Huérfano sin recursos, la protección de ese hombre garantizará su porvenir.
Pero como la búsqueda en Alejandría no surte efecto, Sabir se desplaza a El
Cairo. Y justo en esa ciudad conocerá a las dos mujeres que escindirán su
corazón: de un lado está Ilham, que trabaja en un periódico; del otro, Karima,
esposa del dueño del hotel donde se ha instalado Sabir. La primera es dulce,
cariñosa, envolvente, abnegada; la segunda, sensual, maquiavélica y
manipuladora. Para perfeccionar el drama, el corazón de Sabir se inclina por
Ilham, pero el resto de su cuerpo, encendido de pasión erótica, se abandona en
las manos de Karima. O, dicho con las palabras exactas del premio Nobel
egipcio, “Ilham era un cielo puro sobre una tierra de serenidad y Karima un
cielo cargado de nubes amenazadoras de truenos, relámpagos y lluvia” (p.115).
Cuando la segunda le plantee matar al marido para quedarse con el hotel y
comenzar una vida juntos, Sabir asentirá.
Astuto hasta la perversidad, Naguib Mahfuz nos convertirá en espectadores de una deriva que no seremos capaces de detener, y eso acelerará nuestro pulso: nos decepcionará el modo en que Sabir se mantiene impermeable ante la ternura liberadora de Ilham; nos enojará la manera en que el protagonista deja que sus genitales piensen por él, llevándolo por el sendero del crimen.

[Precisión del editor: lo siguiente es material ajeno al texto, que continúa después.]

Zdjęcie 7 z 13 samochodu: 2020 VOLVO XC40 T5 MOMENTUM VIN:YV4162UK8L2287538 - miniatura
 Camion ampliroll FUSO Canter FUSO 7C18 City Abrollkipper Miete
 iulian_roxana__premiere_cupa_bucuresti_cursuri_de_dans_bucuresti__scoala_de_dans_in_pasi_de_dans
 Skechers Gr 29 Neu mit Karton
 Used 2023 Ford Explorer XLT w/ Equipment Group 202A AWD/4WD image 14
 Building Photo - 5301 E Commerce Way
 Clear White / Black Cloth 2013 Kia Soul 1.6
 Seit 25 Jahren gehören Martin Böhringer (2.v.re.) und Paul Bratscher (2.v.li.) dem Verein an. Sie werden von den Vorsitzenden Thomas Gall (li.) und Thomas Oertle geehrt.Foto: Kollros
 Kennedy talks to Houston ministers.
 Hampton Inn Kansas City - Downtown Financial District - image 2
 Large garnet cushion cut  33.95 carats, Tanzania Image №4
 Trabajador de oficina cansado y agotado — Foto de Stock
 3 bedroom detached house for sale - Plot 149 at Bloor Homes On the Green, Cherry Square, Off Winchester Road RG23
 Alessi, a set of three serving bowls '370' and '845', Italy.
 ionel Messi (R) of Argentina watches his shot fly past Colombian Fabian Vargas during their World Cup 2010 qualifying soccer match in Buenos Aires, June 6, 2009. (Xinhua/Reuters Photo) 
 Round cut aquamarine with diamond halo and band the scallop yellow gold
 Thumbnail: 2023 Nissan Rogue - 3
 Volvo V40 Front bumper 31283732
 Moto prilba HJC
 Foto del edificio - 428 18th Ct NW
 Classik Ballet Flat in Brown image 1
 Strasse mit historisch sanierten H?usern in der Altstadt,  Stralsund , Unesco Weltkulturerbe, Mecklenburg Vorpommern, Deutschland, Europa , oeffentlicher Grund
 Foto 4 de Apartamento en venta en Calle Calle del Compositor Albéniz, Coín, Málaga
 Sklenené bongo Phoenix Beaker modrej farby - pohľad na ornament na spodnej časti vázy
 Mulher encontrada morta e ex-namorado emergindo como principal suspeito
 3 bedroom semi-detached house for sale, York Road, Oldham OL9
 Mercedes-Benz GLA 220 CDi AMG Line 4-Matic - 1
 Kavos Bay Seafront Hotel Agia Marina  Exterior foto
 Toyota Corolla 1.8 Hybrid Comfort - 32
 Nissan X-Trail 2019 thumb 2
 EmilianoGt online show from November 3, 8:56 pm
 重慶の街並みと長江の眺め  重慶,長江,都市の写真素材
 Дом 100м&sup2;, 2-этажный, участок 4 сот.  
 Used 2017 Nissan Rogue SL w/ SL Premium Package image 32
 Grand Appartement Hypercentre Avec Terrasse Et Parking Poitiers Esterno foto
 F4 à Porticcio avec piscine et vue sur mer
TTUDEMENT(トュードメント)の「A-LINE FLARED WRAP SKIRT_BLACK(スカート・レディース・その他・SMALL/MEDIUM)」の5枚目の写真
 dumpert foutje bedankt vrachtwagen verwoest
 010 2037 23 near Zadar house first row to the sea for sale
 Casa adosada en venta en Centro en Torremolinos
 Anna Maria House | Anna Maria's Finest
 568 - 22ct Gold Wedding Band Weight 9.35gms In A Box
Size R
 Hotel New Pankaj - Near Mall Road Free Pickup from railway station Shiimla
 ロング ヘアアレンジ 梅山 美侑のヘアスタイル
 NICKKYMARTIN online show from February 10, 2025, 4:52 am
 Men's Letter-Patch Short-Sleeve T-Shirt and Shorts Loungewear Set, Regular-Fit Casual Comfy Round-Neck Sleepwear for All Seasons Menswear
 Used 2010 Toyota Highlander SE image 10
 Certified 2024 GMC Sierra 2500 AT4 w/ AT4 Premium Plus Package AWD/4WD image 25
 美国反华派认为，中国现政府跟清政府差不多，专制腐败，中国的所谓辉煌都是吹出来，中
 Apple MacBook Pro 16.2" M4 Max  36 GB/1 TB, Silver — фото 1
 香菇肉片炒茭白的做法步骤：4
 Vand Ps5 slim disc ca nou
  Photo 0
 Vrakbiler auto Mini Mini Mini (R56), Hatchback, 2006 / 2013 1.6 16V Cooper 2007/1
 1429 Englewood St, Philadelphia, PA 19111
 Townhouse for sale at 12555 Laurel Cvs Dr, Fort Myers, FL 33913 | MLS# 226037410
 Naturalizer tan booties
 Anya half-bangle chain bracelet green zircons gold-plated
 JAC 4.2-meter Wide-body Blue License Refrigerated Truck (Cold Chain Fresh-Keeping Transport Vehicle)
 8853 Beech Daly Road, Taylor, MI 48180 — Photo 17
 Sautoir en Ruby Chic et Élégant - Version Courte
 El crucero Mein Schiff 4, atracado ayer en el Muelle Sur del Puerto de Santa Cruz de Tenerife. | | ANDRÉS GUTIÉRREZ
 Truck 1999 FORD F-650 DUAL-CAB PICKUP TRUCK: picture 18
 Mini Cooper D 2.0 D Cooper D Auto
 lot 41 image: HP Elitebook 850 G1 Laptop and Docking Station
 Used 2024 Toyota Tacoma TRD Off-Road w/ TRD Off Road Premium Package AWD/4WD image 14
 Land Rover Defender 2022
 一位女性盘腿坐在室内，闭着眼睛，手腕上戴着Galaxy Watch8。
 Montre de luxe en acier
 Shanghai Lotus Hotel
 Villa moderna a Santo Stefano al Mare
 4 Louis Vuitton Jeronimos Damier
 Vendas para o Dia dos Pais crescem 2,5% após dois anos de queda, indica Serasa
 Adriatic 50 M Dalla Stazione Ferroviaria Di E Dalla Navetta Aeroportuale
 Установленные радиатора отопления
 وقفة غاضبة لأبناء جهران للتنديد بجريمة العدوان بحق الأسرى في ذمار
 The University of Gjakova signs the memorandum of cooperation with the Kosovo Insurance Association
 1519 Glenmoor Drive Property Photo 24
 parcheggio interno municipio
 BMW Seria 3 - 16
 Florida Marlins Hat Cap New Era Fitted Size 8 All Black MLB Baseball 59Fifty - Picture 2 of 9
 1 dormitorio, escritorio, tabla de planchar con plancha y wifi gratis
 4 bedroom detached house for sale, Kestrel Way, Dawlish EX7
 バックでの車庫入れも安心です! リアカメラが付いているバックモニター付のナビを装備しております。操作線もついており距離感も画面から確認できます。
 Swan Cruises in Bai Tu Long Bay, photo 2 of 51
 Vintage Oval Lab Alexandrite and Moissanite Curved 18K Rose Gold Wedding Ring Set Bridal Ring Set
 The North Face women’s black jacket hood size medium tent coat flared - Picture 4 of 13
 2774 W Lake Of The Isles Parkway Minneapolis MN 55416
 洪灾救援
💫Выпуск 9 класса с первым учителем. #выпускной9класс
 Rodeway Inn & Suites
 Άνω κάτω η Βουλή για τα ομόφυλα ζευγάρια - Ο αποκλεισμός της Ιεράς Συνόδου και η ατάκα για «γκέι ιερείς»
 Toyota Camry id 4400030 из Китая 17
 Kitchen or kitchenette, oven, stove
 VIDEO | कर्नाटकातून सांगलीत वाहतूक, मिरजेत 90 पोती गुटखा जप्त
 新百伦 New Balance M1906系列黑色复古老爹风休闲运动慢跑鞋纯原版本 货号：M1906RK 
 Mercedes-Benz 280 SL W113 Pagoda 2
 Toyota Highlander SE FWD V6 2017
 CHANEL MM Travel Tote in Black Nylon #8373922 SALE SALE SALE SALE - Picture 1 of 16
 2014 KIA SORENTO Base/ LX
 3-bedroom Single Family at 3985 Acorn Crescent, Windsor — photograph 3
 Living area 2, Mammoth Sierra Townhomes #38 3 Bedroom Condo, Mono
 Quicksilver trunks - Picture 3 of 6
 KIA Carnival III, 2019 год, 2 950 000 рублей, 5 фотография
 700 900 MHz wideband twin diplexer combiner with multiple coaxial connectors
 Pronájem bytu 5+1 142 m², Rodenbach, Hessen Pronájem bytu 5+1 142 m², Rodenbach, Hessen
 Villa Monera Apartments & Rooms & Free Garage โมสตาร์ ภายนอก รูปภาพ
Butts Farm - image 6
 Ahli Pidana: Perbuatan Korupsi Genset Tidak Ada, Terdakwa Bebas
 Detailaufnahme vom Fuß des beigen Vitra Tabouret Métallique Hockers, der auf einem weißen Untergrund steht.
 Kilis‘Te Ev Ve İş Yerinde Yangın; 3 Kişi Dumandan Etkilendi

Y, sobre todo, nos asombrará la manera laxa en que abandona todas las soluciones de su futuro en manos de su hipotético padre, como si él no tuviera que hacer nada por sí mismo, ni siquiera trabajar. El resultado es una novela irritante y de difícil olvido, en cuyas últimas páginas descubriremos si el protagonista ha aprendido algo (o no) durante su experiencia cairota.